I saw others with a similar issue. using ffmpeg to transcode ts files to mkv leads to some weird looking video. Choppy may not be the right word, but I almost get a headache looking at it. Like frames are dropped.
I presume it has to do with de-interlacing. Has anyone had experience?
What kind of show are you watching? It’s likely that you’re dealing with interlacing artifacts, or the possibility that it’s changing the frame rate.
While someone could give you FFMPEG advice, I’ll toss out the concepts I’d use in handbrake for 1080i:
For live stuff, like Sports, news, game shows, live events, etc, set up Handbrake to use Yadif deinterlacing of type Bob, with default detection.
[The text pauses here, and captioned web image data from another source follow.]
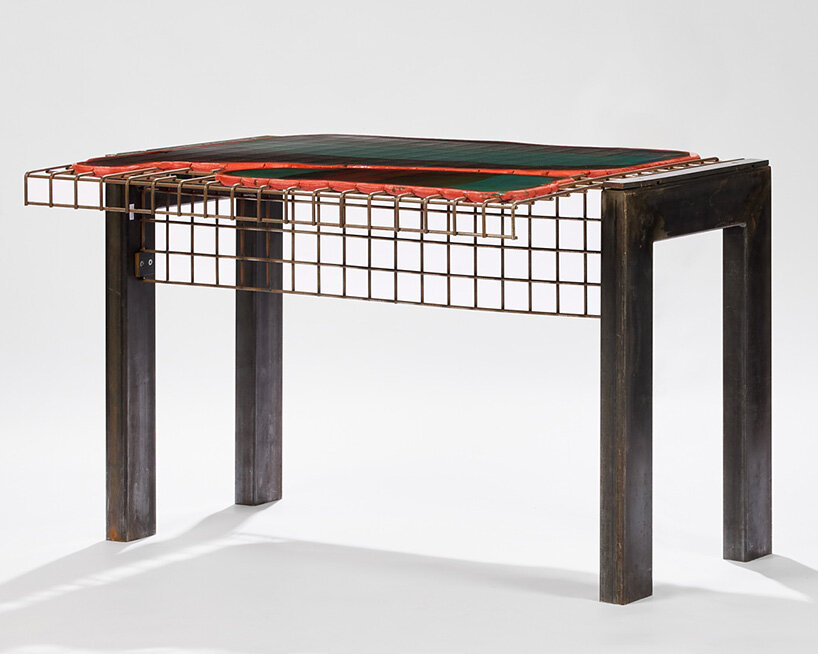 Pulp Galerie Gaetano Pesce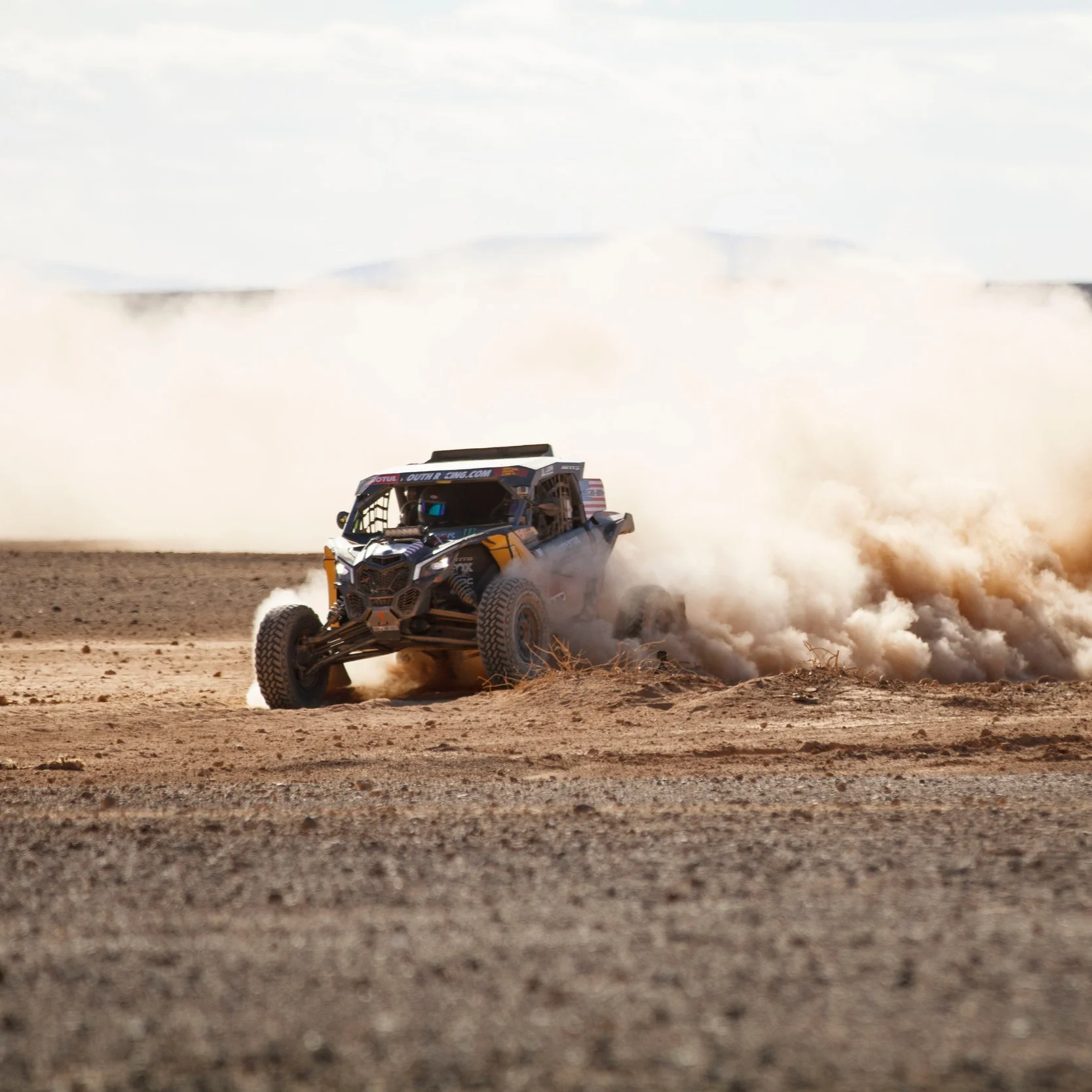 DAKAR 2020 ADVENTURE | STAGE 4 | NEOM TO AL ULA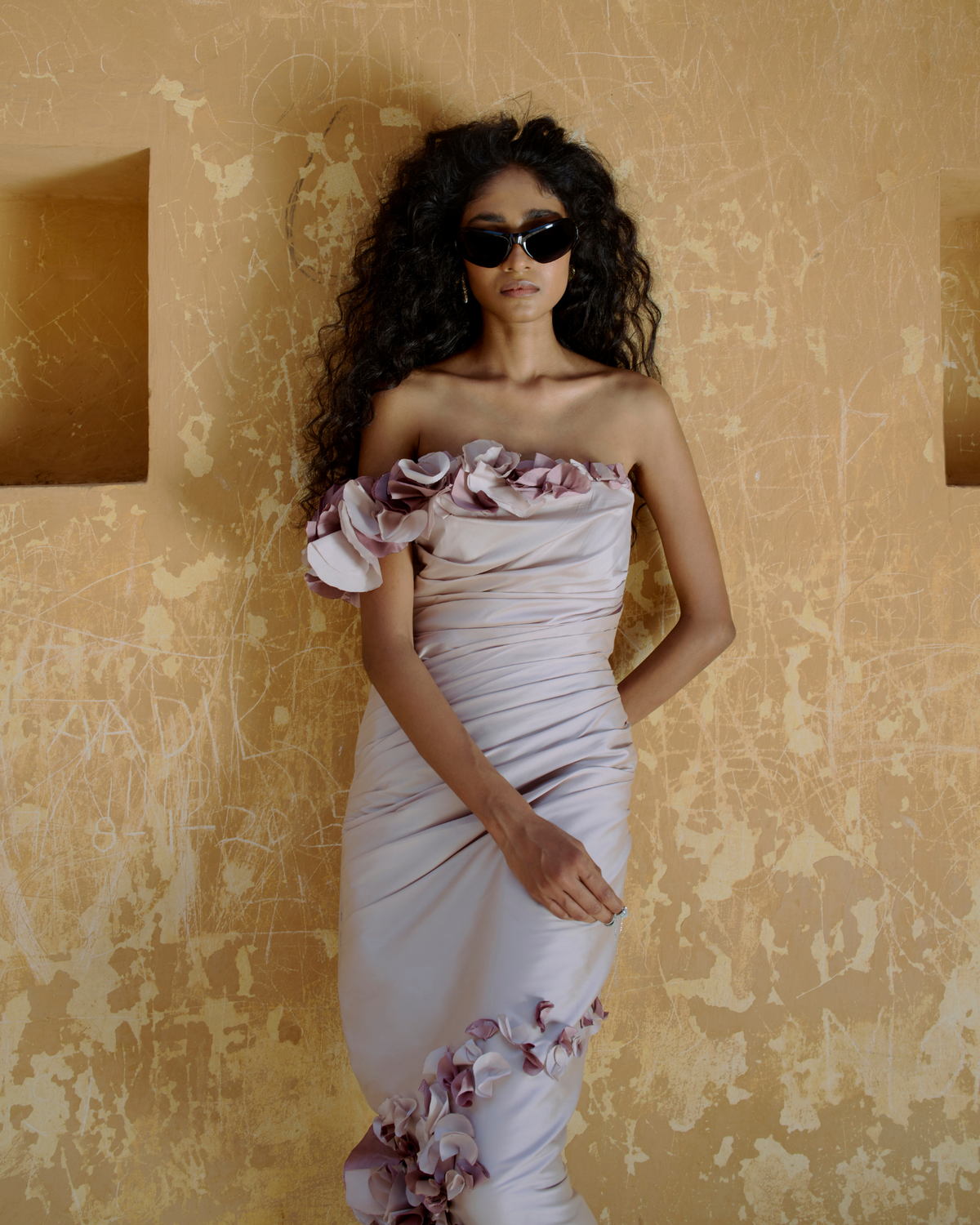 JARDIN Dress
You should be able to leave the frame rate at “Same as source” and set it up for a constant frame rate, not variable. You can probably safely resize it to 1280x720. That should do a frame-doubling, and will finish with a very smooth 59.94 frames per second.
For filmed stuff, like movies and most TV shows, set Handbrake to Decomb deinterlacing, type Default,. detection Default. Also, set Detelecine to default. As before, you can probably reduce the size to 1280 (the vertical size may be different than 720 if the film is cropped). You can also keep constant frame rate, same as source. It should finish with a frame rate of 23.976 (23.98 in Windows 10) and should not look choppy. Sometimes their detection is wrong, and it’ll choose 29.97 frames per second. You can double-check the video frame-by-frame in VLC. If every 5th frame is repeated, that’s film, and it just didn’t detect properly. You’ll need to manually set the frame rate to 23.976, and try again.
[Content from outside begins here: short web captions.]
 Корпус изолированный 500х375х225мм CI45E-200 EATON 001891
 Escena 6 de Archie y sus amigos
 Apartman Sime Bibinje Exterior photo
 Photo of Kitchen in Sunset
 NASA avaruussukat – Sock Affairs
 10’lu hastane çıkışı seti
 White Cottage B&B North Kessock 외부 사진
I rarely encode directly with FFMPEG, but that should give you some direction if you want to try some experimentation with your deinterlacing, resizing, and frame rate techniques.
(I’m sure someone else will reply with far more detail than me and correct like three errors I made!)
Thank you for the response. I’ve got the transcoding automated in my post processing script. It seems the 1080i stuff is what really ends up looking lousy.
I will give handbrake Cli some consideration. I use ffmpeg to extract closed captions and convert to srts. I can just have handbrake add it into the mkv as I did with ffmpeg.
I’ve always used the 720p30 HB setting, changing the video rate to same as source. I can just do the same here.